What kind of lanterns are they? You can build a circuit from this How-to but it might be a pain for to do on 6 lanterns and then hide the mod.

http://www.halloweenpropmaster.com/u-build-it3.htm


----------



## poopsko (Oct 16, 2007)

yes, i think thats what i'm going to do. I just need some sort of case to put the fuse and starter into that will withstand the outdoors. Any ideas on that one ?


----------



## Otaku (Dec 3, 2004)

This hack will give you 3 different flicker effects. As long as you don't have lanterns with the same flicker rate close to each other, you should be fine.

http://www.johnnyspage.com/otaku_powerstrip.htm


----------



## Texan78 (Sep 25, 2008)

I would say just wrap it good in electrical tape, but if you ever need to get to the fuse you would be screwed. 

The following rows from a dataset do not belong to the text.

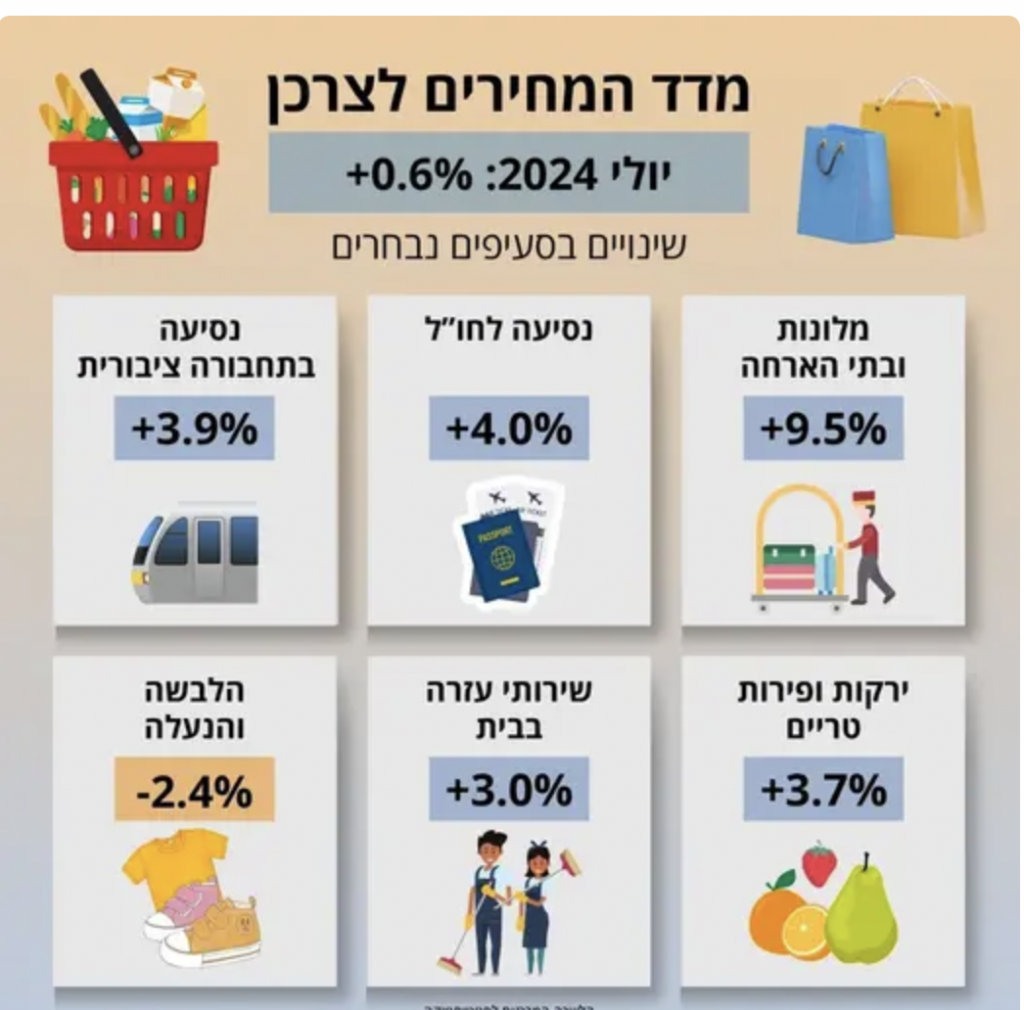 You don't need to know Hebrew to understand the situation.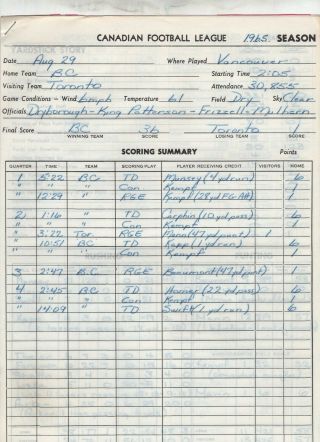 August 29 1965 Bc Lions Vs Toronto Argonauts Score Sheet Set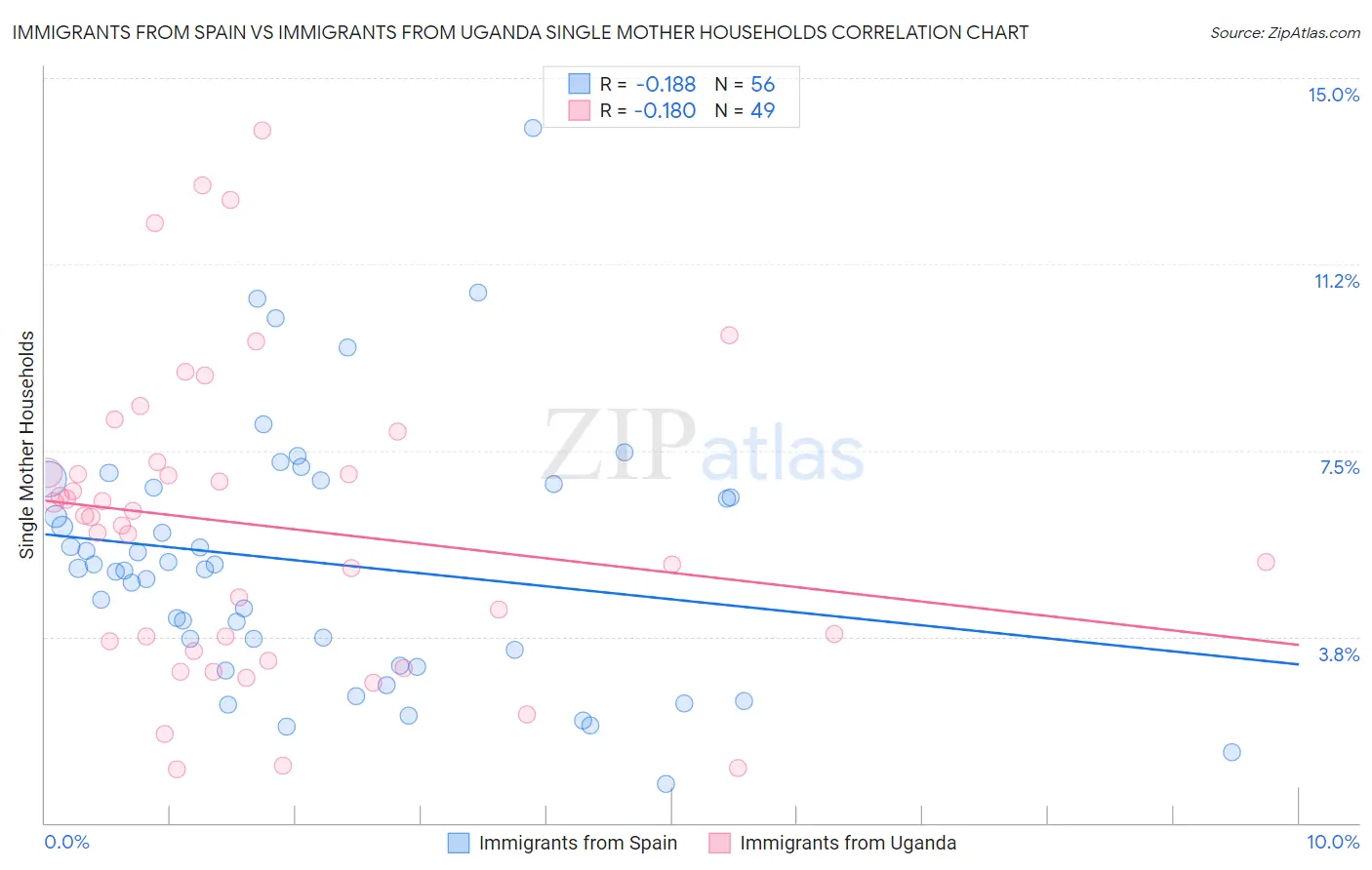 Immigrants from Spain vs Immigrants from Uganda Single Mother Households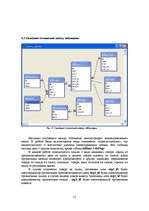 Diplomdarbs 'Разработка информационно - поисковой системы для SIA "Logu dekors"', 52.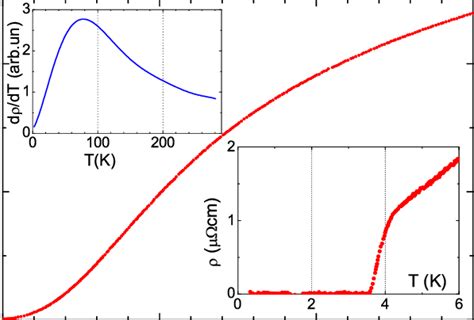 Color Online Resistivity Of One Of The K Single Crystals Used In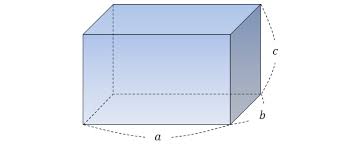 Maybe you would like to learn more about one of these? Volume Of A Cuboid Brilliant Math Science Wiki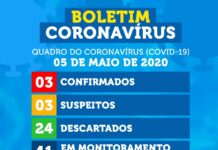 CONFIRMADO PRIMEIRO ÓBITO POR CORONAVÍRUS EM TOBIAS BARRETO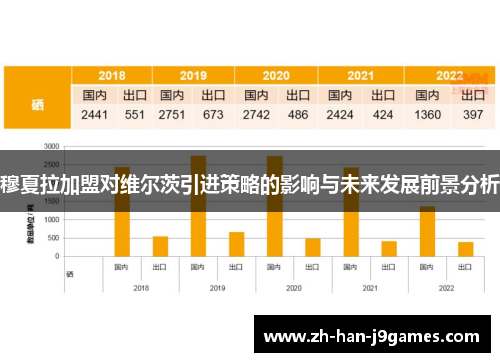 穆夏拉加盟对维尔茨引进策略的影响与未来发展前景分析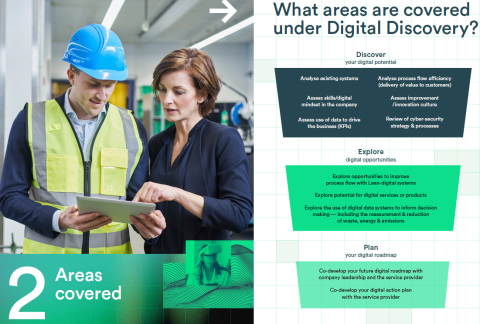 What Areas are Covered by Digital Discovery Areas Supported by Digital Discovery Programme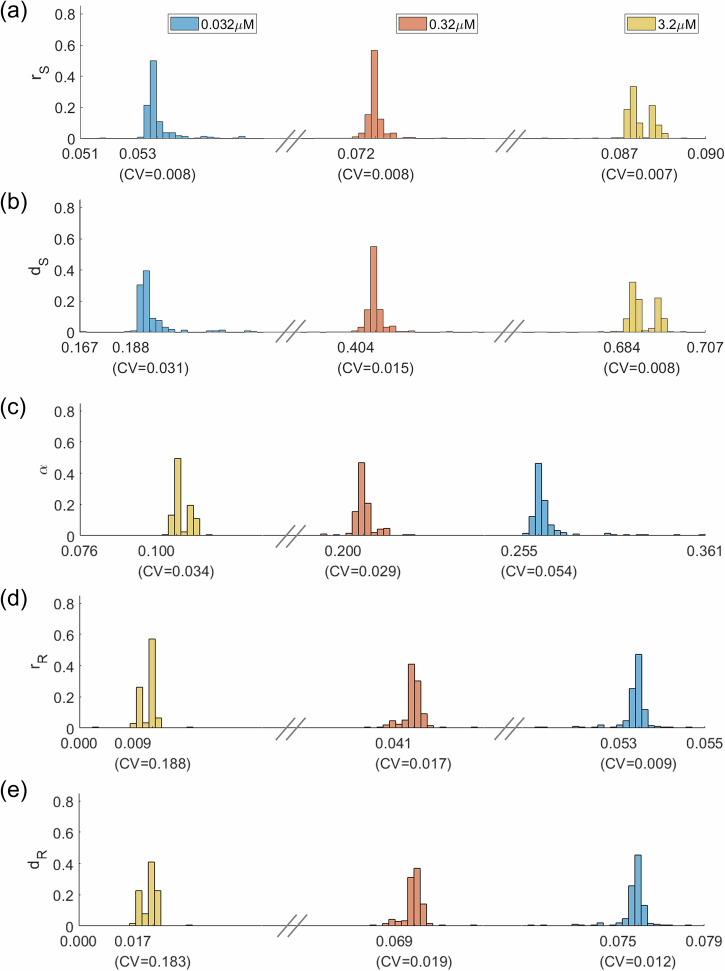 Understanding therapeutic tolerance through a mathematical model of drug-induced resistance.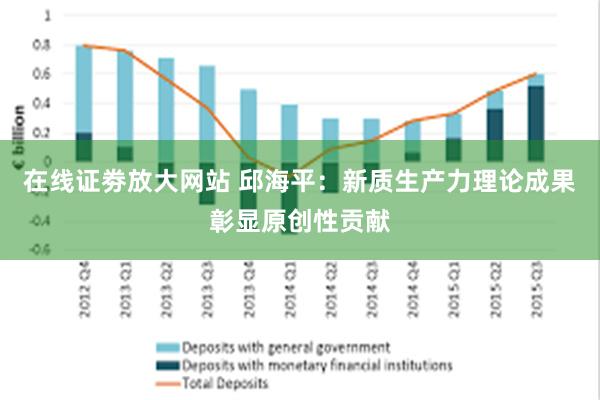 在线证劵放大网站 邱海平：新质生产力理论成果彰显原创性贡献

Where are these being used in your display?


----------



## corner haunt (May 21, 2008)

If you are making something small, you can use a plastic coffee can with lid. For bigger stuff, plastic cat litter tubs work great to house stuff. They can be made weather proof with some silicone where the wires go in and out, some black paint and hide it in the shadows. Your ready to go. :jol:


----------



## Otaku (Dec 3, 2004)

poopsko said:


> yes, i think thats what i'm going to do. I just need some sort of case to put the fuse and starter into that will withstand the outdoors. Any ideas on that one ?


Remember that the starters don't have to be where the lanterns are. All of the starters can be at the plug ends of the cords and kept indoors.


----------



## poopsko (Oct 16, 2007)

the lanterns will be outside in the haunt. I'm liking the idea of the smaller coffee can or some small yogurt container, that'll work. I'll seal em up good. I'm only trying to protect the fuse and starter from the weather


----------



## The_Caretaker (Mar 6, 2007)

On one of the forums there was a hack to take a oil based heated room freshner and hack it with a starter


----------